Wien. Es war zwar nicht das erste Mal, dass ein Höchstgerichtspräsident sich selbst anzeigte – auch der frühere Verfassungsgerichtshof-Präsident Ludwig Adamovich tat es einmal (um sich einen „Freispruch“ gegen Jörg Haider zu holen). Aber das Resultat ist wohl einmalig: Eckart Ratz, Präsident des Obersten Gerichtshofs, hat nach dem Urteil des hauseigenen Disziplinargerichts tatsächlich eine Pflichtverletzung begangen. „Der Präsident hat mit seinem Verhalten“, so heißt es in der vorige Woche veröffentlichten Entscheidung (Ds 25/13), „in die richterliche Unabhängigkeit eingegriffen.“

Anlass waren umstrittene Äußerungen des Präsidenten gegenüber Richterkollegen zu konkreten Strafverfahren. Bestraft oder auch nur (ohne Strafe) schuldig gesprochen wird Ratz deshalb aber nicht: Nicht jede Pflichtverletzung begründe ein Disziplinarvergehen, so der Senat. Weil „die Grenzen zwischen zulässiger Dienstaufsicht und unzulässigem Eingriff in die richterliche Unabhängigkeit ex ante (im Vorhinein, Anm.) nicht immer leicht zu ziehen sind“ und bisher keine Judikatur des Disziplinargerichts existiere, an der Ratz sich hätte orientieren können, liege in diesem Fall kein Dienstvergehen vor.

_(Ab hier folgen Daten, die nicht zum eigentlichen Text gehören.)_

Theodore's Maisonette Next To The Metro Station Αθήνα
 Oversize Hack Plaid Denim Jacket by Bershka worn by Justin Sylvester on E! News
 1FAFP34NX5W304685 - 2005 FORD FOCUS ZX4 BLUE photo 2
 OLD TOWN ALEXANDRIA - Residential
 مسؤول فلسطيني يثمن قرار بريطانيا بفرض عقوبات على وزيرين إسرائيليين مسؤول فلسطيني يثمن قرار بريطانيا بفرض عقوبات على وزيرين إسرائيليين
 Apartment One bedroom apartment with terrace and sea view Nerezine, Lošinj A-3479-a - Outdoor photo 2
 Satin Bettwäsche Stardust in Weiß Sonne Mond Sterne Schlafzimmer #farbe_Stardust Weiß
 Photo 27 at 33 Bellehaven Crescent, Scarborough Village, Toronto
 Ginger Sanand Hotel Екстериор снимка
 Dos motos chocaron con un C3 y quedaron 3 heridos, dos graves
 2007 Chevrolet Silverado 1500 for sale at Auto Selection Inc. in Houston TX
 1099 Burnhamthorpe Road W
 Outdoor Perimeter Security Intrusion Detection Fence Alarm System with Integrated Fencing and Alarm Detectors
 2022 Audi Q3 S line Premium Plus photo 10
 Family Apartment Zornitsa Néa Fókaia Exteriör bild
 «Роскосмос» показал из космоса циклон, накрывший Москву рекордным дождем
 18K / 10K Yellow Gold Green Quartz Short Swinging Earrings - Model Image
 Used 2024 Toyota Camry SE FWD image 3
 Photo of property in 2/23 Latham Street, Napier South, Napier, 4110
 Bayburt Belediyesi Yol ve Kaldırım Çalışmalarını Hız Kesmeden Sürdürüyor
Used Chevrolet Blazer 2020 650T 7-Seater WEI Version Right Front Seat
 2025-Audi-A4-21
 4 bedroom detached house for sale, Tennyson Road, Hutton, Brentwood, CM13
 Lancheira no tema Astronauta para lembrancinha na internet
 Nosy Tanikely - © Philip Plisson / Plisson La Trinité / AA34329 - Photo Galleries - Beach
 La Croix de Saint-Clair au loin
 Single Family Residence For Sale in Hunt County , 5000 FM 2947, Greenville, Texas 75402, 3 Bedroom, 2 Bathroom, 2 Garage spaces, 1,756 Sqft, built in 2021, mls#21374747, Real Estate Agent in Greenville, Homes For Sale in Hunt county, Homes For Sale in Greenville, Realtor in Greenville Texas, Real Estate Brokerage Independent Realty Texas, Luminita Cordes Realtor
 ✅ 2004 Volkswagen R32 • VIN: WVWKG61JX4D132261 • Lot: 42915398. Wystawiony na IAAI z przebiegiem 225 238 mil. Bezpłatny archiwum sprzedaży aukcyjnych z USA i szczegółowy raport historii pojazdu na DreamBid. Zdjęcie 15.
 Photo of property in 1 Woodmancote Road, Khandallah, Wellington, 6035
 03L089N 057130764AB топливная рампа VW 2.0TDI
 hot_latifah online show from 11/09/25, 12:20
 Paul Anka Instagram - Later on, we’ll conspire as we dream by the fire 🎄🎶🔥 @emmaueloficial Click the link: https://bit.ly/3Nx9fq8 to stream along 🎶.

Der ungewöhnliche Konflikt hat sich an einer Bestimmung der Strafprozessordnung entzündet: Nach §126/4 dürfen Sachverständige, die im Vorverfahren von der Staatsanwaltschaft eingesetzt worden sind, auch in der Hauptverhandlung als Stütze des Gerichts herangezogen werden. Die Gegenseite, also der Angeklagte, kann dem nichts Gleichwertiges entgegensetzen, sodass die Regelung möglicherweise das verfassungsrechtlich abgesicherte Gebot des fairen Verfahrens verletzt. Ratz ist definitiv dieser Meinung, die OGH-Vollversammlung hat zweimal etwas vorsichtiger auf das „Spannungsverhältnis“ zur Menschenrechtskonvention hingewiesen.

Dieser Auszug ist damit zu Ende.